2. Another way of assessing the co-correlates is in network form with nodes representing the features and edges representing the correlation coefficient. Networks can be plotted in R using 'ggraph'.
```{r cocorrelate network, fig.width = 10}
library(tidyverse)
library(corrr)
library(igraph)
library(ggraph)
library(ggrepel)
library(RColorBrewer)

# include meta data in analysis 
Xmeta <- data[,2:dim(data)[2]]

tidyCors <- Xmeta %>% 
  correlate(method = "spearman") %>% 
  stretch()

graphCors <- tidyCors %>% 
  filter(abs(r) > 0.6  & (is.element(x, selected_features) | is.element(y, selected_features))) %>% 
  graph_from_data_frame(directed = FALSE)

layout <- create_layout(graphCors, layout = 'igraph', algorithm = 'nicely')

pltGraph <- ggraph(layout) +
  geom_edge_link(aes(color = r), edge_width = 2) +
  guides(edge_alpha = "none", edge_width = "none") +
  scale_edge_colour_gradientn(limits = c(-1, 1), 
                              colors = colorRampPalette(brewer.pal(n = 10, name = "RdBu"))(100)) +
  geom_node_point(shape = 21, color = "gray", fill = "white", size = 8, stroke = 0.5) +
  geom_node_text(aes(label = name), size = 3, point.padding = NA, box.padding = 0, force = 0.1, repel = T) +
  theme(aspect.ratio = 1) +
  theme_graph(background = "white") 
plt <- plot(pltGraph)
```
Until now, we have covered the whole analysis pipeline including data inspection, feature reduction (feature extraction/PCA, feature selection/LASSO) and supervised PLS-DA modeling with feature importance interpretation/correlation validation on our demonstrated dataset. 

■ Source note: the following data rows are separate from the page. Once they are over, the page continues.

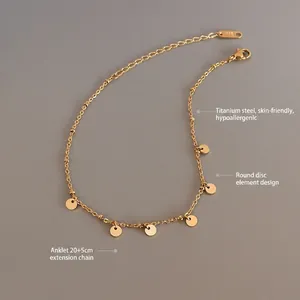 Bracelet de cheville en acier titane doré 18 carats avec pampilles et poinçon K18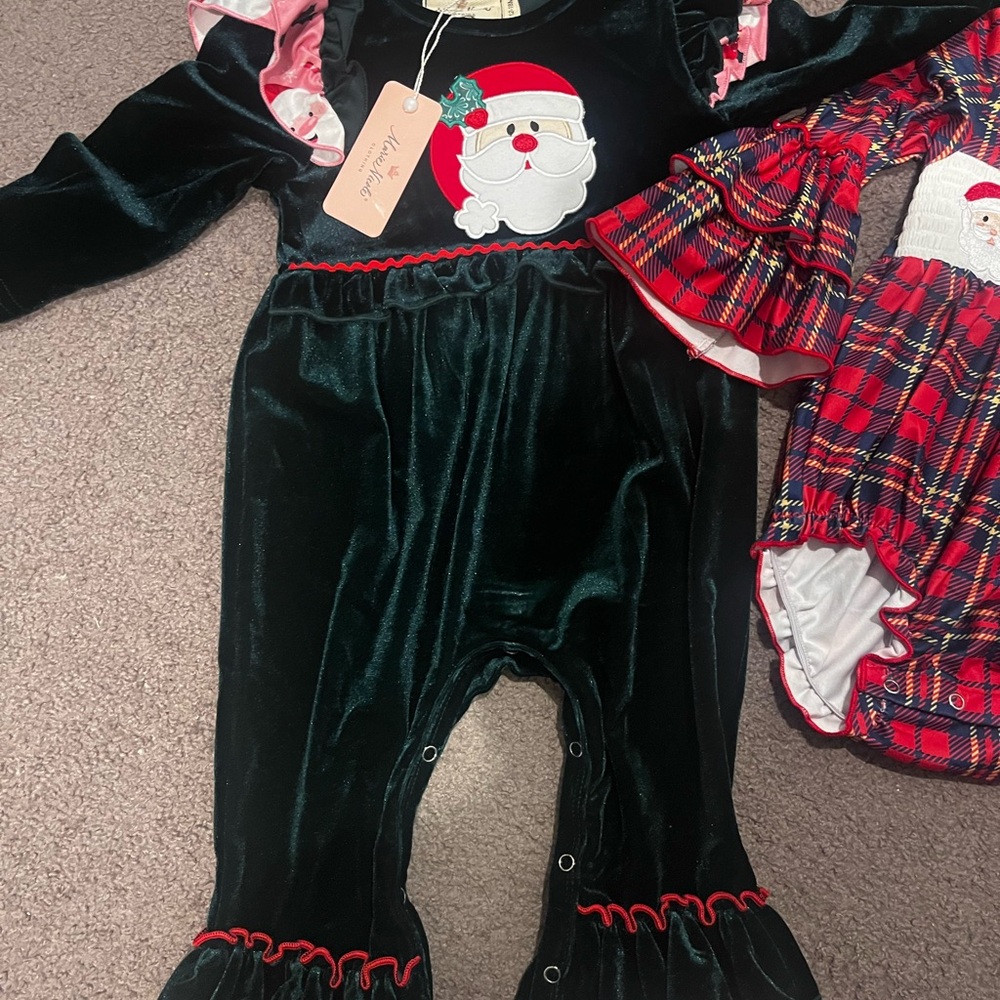 Santa Claus Velvet Kids One Piece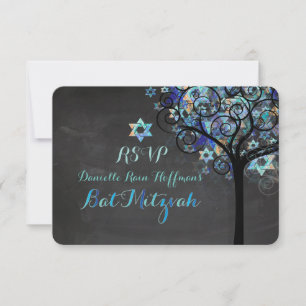 PixDezines RSVP Tree of Life Mitzvah/Chalkboard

Keep in mind that besides the above described analysis steps, data collection and pre-processing including balancing strategies for confounding factors, data imputation and model validation are equally important to make you success, even though these steps are not covered in this tutorial.

Enjoy your analysis trip and good luck on your own project!